Nutshell wins the first two quarters. It's rated 4.3 on G2 with ease of use as the most-cited positive, and — underrated — free live support is on every plan, including the $13 tier. Small teams without an ops person feel that difference.

Who shouldn't pick either

If you're a 100+ rep sales org with real forecasting and territory requirements, both will cap out; look at HubSpot, Salesforce, or Attio.

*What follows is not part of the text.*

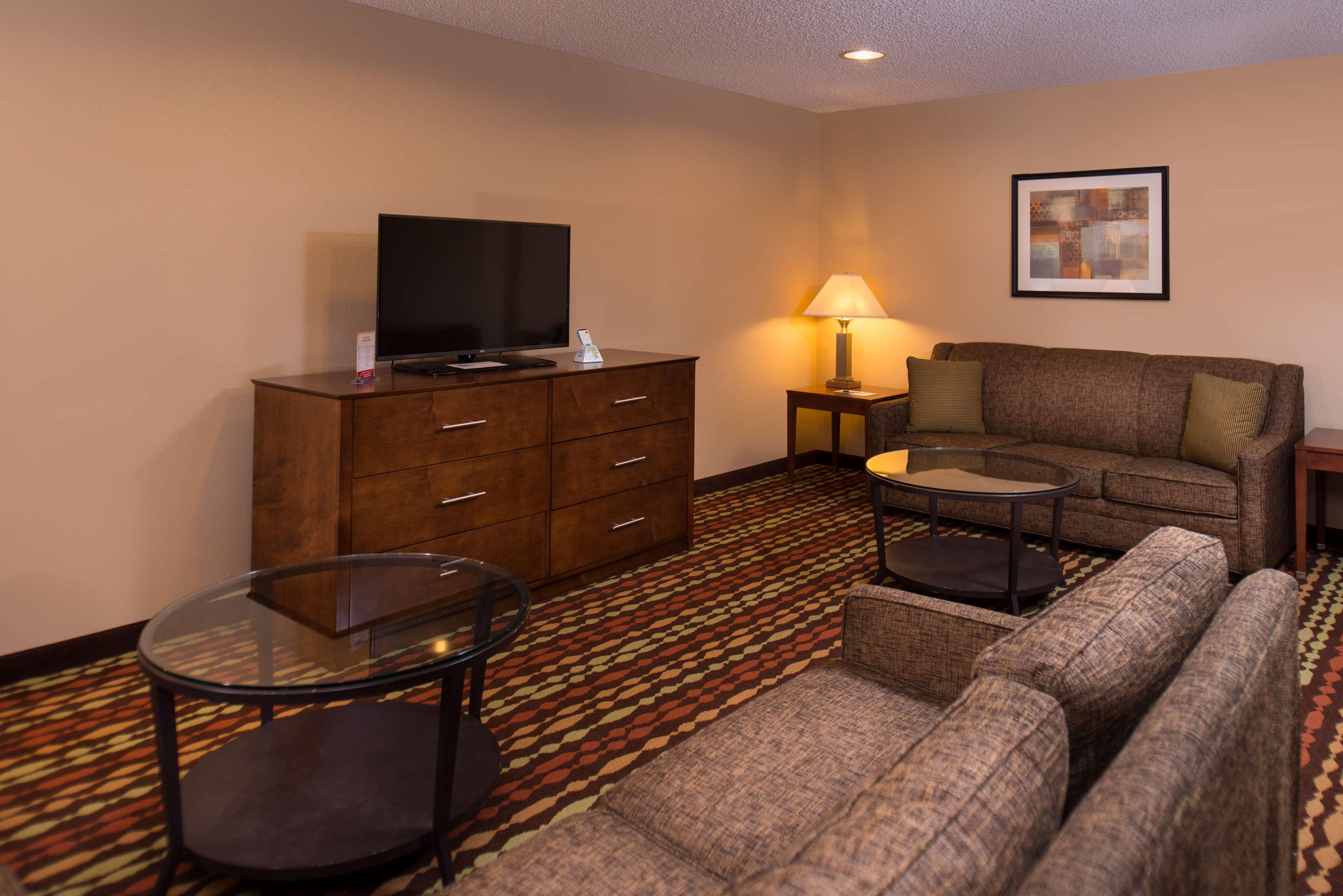 Best Western Ambassador Inn & Suites Wisconsin Dells Dış mekan fotoğraf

And if you want a CRM with a serious custom data model — investments, properties, non-standard objects — Monday will let you fake it with boards and Nutshell won't let you at all.

Verdict

Nutshell wins for B2B sales teams whose growth depends on outbound: the Pro tier at $42/user includes the email marketing and sequencing you'd otherwise buy separately, and the product's whole design assumes a pipeline is the point. Monday CRM wins for services businesses, agencies, and any team where closing the deal triggers a project — the same boards that ran the pipeline can run the delivery, and at $17/seat that's the cheaper answer by a wide margin. The clarifying question isn't which is the better CRM; it's whether your team's real bottleneck sits before the close or after it.

Try them yourself

Frequently asked questions

Monday CRM vs Nutshell — which is better?
Nutshell is better for B2B sales teams whose motion is build a list, sequence it, book meetings, work the pipeline — email marketing lives inside the CRM against the same contact records. Monday CRM is better for agencies and services businesses where the close is the start of the work, because the handoff to delivery is a status change instead of an integration. Neither is the better CRM in the abstract.
Is Monday CRM cheaper than Nutshell?
Yes, and by a wide margin at the tier that matters. Monday CRM runs $12/seat/mo (Basic), $17 (Standard), $28 (Pro), annual with a three-seat minimum — and since automations, integrations, and forecasting start at Standard, treat $17/seat as the real entry price. Nutshell is $13/user/mo (Foundation) but Foundation lacks sales automation and most teams need Pro at $42/user/mo. That's roughly 2.5x per seat.
Does Monday CRM do email sequences and broadcast email?
No. Monday CRM has email tracking and automations, but it isn't an email marketing platform and doesn't pretend to be. You'll bolt on a sequencer, and then you have two systems with two ideas of who's been contacted. Nutshell includes broadcast emails, drip sequences, engagement tracking, and automated sequences at the Pro tier — if you'd otherwise pay for Mailchimp alongside Monday, the price gap closes fast.
Can Monday CRM run client onboarding and delivery, not just sales?
That's its whole advantage. A Monday board can be a pipeline, a client onboarding tracker, an implementation project, or a content calendar — same platform, same automations. The bill comes due in consistency: Monday's own limitations note that heavy customization leads to inconsistencies without admin oversight. Give five people the ability to invent their own pipeline and you'll have five pipelines and no forecast.
Which is easier for a small team without an ops person?
Monday wins the first two weeks — the board UI is immediately obvious and deployments go live fast. Nutshell wins the first two quarters: it's rated 4.3 on G2 with ease of use as the most-cited positive, and free live support is included on every plan, down to the $13 Foundation tier. If nobody on your team owns the CRM schema, that support line matters more than the onboarding speed.